Who has been the real power broker and leader of the Democrat party since 1992- Bill Clinton.
Who has pretty much (over these 15 years) formed the Democrat Party Machine (or the DNC) and everyone in that machine is in his debt for their position- Bill Clinton.
Now, in 2000 Gore pretty much had to get the nomination because he was the vice and tradition dictated he be given a chance. But really how hard did the machine work for him, hard, but who rarely activally campaigned for Gore- Bill Clinton (of course he was a bit of an embarrassment at that time).

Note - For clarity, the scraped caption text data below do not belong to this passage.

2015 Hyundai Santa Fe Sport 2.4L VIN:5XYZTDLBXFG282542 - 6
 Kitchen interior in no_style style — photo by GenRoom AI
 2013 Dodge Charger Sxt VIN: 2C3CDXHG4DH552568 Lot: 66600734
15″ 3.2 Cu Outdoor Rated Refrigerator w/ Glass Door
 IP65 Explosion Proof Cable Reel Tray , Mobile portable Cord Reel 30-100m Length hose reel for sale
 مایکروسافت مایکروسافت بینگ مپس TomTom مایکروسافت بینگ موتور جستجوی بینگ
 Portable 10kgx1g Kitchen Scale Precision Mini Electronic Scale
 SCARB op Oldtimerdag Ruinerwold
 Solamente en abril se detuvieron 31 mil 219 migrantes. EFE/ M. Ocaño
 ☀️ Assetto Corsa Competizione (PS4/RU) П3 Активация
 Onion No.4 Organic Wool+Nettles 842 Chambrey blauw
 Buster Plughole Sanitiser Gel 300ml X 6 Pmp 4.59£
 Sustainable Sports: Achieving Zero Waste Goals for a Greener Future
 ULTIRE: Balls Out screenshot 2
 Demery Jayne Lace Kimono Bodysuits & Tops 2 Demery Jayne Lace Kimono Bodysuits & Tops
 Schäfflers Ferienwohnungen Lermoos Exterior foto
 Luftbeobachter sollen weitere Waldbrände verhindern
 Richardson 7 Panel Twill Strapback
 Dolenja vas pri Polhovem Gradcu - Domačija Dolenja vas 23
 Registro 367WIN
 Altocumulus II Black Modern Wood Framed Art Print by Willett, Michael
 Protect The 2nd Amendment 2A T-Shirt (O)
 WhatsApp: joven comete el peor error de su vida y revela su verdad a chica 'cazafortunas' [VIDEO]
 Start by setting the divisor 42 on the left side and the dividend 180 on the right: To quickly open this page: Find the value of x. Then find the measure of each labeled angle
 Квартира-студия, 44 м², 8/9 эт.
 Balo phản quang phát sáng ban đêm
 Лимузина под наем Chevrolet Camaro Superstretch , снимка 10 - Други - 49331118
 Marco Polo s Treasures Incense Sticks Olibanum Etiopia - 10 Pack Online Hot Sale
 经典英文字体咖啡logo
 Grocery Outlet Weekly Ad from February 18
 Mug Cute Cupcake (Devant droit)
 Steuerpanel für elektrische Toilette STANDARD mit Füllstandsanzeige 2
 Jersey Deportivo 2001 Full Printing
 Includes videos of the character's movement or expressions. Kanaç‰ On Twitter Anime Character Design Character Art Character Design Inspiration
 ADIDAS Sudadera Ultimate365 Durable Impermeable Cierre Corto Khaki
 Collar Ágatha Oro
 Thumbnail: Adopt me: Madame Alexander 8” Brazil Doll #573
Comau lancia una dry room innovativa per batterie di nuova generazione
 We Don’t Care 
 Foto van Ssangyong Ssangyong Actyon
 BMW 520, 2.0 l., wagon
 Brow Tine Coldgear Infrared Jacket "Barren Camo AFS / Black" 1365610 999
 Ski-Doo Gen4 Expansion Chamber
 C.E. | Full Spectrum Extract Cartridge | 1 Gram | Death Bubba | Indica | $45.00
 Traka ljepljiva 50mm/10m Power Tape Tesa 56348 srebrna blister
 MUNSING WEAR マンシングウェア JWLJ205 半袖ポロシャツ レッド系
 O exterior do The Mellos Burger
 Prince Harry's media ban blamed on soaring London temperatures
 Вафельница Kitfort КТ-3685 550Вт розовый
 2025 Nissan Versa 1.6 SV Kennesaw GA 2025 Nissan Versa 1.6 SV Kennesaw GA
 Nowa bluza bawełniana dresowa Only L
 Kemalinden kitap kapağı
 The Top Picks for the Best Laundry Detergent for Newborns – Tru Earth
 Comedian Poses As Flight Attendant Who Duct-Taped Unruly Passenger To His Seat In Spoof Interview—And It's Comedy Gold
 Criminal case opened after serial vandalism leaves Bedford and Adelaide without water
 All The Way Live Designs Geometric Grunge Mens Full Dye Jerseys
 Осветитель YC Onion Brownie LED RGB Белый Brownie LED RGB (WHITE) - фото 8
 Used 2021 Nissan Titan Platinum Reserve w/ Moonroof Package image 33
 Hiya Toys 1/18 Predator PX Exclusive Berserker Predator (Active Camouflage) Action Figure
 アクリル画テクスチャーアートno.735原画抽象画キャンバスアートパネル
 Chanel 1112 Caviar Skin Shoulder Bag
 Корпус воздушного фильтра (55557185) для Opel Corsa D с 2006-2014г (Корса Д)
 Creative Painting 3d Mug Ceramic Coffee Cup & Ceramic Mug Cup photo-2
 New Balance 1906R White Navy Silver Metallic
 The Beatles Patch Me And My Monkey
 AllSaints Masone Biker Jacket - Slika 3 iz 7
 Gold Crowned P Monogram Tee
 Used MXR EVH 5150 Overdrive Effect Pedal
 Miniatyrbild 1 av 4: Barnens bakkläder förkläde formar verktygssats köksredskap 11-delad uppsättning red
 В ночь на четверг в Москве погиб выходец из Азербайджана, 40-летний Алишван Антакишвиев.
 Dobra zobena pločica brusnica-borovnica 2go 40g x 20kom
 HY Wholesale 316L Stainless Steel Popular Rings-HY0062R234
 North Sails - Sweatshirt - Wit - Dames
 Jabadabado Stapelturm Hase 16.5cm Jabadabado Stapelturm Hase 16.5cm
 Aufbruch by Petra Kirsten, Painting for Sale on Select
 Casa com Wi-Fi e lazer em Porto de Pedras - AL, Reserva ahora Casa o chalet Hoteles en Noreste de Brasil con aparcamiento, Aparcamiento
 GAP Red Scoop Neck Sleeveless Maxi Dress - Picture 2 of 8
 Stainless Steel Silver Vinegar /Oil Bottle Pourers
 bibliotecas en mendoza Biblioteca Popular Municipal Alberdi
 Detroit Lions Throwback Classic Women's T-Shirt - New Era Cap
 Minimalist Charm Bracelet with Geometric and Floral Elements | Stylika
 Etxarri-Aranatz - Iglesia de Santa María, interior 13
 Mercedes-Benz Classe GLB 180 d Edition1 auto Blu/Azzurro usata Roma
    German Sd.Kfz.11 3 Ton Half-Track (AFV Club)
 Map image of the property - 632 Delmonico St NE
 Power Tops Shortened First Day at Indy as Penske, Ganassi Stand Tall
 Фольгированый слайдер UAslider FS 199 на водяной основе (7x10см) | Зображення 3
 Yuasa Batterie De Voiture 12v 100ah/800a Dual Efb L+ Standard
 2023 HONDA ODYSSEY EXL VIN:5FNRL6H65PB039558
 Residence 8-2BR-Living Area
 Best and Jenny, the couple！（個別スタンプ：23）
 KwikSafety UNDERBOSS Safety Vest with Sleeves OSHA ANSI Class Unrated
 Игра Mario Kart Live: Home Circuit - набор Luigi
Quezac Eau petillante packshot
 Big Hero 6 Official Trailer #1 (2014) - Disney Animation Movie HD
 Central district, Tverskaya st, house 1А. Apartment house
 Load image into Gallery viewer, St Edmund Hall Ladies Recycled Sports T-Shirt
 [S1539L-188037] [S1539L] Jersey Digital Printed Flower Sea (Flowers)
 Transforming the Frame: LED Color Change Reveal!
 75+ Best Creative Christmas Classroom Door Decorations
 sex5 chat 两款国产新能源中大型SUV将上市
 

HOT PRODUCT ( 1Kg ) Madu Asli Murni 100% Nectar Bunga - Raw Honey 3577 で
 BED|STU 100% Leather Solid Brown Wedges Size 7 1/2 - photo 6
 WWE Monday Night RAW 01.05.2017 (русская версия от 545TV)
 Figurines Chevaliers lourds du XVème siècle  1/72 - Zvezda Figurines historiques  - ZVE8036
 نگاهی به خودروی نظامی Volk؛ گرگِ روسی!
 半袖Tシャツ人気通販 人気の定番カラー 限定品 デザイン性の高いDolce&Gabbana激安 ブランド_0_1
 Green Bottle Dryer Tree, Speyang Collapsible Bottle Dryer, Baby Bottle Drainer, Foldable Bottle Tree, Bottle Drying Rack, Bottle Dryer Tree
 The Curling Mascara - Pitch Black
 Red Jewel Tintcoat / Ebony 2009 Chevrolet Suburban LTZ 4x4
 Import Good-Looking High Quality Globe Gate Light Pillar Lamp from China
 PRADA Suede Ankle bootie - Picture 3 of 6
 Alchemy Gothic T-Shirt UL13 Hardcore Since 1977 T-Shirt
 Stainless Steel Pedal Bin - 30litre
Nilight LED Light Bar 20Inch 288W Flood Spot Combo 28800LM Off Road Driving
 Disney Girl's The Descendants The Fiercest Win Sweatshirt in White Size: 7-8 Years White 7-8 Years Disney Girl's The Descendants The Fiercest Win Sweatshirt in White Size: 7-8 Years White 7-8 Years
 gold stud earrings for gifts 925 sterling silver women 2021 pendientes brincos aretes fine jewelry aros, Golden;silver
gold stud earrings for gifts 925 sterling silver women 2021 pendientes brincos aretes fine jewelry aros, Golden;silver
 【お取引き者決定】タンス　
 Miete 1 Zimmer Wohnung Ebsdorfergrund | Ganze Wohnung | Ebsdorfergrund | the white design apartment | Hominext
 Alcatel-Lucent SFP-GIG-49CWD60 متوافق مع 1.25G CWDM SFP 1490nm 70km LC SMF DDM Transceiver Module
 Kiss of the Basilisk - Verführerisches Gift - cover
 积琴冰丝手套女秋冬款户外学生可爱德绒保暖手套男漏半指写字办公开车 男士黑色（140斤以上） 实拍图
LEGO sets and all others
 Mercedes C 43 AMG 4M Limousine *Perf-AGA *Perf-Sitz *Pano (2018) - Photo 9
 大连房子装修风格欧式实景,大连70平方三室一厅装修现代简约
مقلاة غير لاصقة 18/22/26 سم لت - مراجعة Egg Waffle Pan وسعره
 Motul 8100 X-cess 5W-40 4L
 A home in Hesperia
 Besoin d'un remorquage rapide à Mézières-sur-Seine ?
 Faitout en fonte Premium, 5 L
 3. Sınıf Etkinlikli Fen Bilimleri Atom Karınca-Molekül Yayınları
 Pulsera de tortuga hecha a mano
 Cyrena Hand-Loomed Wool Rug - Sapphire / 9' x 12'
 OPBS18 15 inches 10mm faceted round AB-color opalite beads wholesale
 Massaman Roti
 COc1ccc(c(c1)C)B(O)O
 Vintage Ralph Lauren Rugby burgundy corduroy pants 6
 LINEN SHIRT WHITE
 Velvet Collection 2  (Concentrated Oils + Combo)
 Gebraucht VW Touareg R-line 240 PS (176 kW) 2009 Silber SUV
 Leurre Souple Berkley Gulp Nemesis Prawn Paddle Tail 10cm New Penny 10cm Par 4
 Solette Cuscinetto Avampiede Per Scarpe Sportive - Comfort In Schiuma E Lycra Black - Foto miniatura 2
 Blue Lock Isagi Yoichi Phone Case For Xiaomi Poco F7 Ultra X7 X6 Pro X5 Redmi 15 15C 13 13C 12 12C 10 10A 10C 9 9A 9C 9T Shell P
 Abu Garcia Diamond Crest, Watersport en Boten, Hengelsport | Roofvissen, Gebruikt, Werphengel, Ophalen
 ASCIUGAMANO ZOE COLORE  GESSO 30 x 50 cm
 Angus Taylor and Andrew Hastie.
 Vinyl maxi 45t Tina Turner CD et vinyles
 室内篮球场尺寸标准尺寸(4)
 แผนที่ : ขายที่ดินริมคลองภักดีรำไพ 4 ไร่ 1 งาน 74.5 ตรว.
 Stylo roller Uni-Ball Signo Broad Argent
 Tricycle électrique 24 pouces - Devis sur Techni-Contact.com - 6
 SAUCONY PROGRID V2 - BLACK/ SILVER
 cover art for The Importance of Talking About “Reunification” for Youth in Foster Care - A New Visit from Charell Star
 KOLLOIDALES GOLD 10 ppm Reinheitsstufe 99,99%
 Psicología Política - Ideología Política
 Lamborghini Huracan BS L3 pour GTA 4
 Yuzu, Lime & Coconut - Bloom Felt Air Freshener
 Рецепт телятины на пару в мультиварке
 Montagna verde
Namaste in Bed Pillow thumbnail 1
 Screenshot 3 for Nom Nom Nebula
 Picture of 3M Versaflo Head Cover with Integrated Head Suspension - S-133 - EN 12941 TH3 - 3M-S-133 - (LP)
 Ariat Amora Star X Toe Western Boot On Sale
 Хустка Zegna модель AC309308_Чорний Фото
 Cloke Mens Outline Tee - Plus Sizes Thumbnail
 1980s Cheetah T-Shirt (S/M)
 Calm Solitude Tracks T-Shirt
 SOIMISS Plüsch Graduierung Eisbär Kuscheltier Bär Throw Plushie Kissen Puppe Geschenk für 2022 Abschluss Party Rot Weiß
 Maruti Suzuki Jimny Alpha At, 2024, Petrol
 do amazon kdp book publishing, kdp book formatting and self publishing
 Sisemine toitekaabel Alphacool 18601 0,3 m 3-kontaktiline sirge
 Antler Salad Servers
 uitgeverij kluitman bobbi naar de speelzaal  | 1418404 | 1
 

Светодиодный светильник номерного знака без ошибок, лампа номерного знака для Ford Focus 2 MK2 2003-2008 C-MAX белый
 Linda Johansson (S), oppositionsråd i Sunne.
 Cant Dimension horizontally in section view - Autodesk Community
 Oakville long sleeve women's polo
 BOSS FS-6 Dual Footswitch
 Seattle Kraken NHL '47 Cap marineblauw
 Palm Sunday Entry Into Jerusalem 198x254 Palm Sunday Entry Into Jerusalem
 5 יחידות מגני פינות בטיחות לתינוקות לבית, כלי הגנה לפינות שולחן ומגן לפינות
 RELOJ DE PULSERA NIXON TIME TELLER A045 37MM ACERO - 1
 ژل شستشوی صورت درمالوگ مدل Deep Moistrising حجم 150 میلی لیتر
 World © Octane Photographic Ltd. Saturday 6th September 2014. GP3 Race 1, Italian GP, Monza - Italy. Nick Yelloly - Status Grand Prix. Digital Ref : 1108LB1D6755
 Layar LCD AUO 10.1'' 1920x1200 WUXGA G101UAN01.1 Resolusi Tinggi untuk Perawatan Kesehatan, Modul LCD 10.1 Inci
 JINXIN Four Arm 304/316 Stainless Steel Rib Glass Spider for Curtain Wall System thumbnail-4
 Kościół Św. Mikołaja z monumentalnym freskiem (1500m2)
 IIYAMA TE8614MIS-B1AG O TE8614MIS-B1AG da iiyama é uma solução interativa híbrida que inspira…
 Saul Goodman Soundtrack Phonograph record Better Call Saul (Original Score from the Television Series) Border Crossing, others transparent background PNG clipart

If Gore won then after 2 possible terms (with HRC in the Senate - getting that experience chip and news coverage) it would now (2008) be HRC turn to take her appointed nomination. But I think the machine really did not want Gore to win too badly you see since Bill would no longer be the power broker running the machine - it would have been Gore (if elected) I wonder how hard they (the machine) really tried, Gore seems quite distant to Clinton ever since- I think he knew the "fix was in". Who remained the puppetmaster - Bill Clinton
Now in 2004 it was dicey, too early for HRC, and Bush was too strong, but if a Democrat won that year then HRC would be out of the picture for good to run for president. What to do? Well, make CERTAIN that a liberal east coast democrat gets the nomination, folks let's face it, anything is possible except a liberal east coast democrat winning the presidency (that is a fact show many times over). The machine simply manuvered Kerry in as a "sacrificial lamb" who's only purpose was to do the assurred - LOSE! Who is running the DNC machine - Bill Clinton
Now, if anyone really doubts that Bill and the machine he built and runs had ever had any other plan than to keep Bill in charge (the machine was built by him- for him, and everyone in it is beholding to him for their position). If Bill is replaced then so are they in time, and they like their power and jobs too. The only way was HRC as president, not anyone else, in fact, it would solidify them in position like no one in history.
2008- HRC was all but anointed as the "certain" canadate for the democrat party, but the machine had not counted on BHO, that was a situation that was not in the plans - EVER! It was certain to be over by super Tuesday - not even any plans or money contingencies after that. BHO turned all the machine plans upside down- they never "saw the bolt that hit them". The definitely want HRC to be the canadate and even better the president, but the last thing they want is BHO to be president, Gone will be Bill as the real power of his machine, gone will be the people in the machine --- that WILL NOT DO--- PERIOD.
So follow me here, they have little to lose really if HRC or BHO lose in NOV., but the worst case is if BHO wins in Nov. So they will not hesitate to run this primary till the bitter end and get nasty to decrease BHO chances of winning in Nov., so what if the party is split, they are still in charge. They have to stop BHO anyway they can, they can't be sure that McCain can stop him, but between McCain and the Clinton machine, BHO hardly stands a chance. GIVE THIS SOME THOUGHT!
I voted for BHO in the primary, by the way.